Brief descriptive captions:
+===+

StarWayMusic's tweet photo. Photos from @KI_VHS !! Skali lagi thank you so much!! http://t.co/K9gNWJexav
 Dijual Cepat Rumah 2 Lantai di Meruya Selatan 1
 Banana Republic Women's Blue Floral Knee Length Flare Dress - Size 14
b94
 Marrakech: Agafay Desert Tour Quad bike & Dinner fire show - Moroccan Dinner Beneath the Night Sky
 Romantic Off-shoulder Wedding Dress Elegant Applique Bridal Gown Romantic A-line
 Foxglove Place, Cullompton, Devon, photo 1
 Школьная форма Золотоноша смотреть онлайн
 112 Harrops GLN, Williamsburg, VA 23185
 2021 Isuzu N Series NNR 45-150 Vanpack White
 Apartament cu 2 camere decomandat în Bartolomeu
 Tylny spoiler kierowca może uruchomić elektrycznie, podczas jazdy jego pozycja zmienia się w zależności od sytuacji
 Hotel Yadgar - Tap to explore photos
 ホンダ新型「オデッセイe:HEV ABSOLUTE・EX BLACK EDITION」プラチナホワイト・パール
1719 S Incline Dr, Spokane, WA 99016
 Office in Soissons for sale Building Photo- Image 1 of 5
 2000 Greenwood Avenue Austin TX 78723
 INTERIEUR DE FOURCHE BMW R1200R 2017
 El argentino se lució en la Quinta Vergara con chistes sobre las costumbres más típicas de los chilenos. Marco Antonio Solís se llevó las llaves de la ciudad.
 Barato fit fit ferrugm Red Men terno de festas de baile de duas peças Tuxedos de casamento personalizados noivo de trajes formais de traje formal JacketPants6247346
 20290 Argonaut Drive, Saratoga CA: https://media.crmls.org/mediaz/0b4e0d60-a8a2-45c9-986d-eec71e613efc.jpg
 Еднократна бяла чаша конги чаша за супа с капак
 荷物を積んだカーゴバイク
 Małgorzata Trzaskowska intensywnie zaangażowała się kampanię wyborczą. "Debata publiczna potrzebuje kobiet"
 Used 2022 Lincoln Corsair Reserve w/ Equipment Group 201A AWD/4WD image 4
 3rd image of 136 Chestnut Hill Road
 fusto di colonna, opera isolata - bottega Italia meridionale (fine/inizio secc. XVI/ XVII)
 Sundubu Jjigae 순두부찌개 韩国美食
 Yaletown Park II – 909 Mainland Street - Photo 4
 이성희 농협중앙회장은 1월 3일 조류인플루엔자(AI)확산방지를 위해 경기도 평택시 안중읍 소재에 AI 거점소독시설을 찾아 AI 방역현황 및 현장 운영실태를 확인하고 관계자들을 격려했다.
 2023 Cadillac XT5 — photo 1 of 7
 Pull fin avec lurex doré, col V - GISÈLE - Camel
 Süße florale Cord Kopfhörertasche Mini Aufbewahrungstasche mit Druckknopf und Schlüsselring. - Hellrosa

+===+

Each line of the entries where the string "Dress" occurs should be shown.

→ THE COMPLETED TASK:
 Banana Republic Women's Blue Floral Knee Length Flare Dress - Size 14
 Romantic Off-shoulder Wedding Dress Elegant Applique Bridal Gown Romantic A-line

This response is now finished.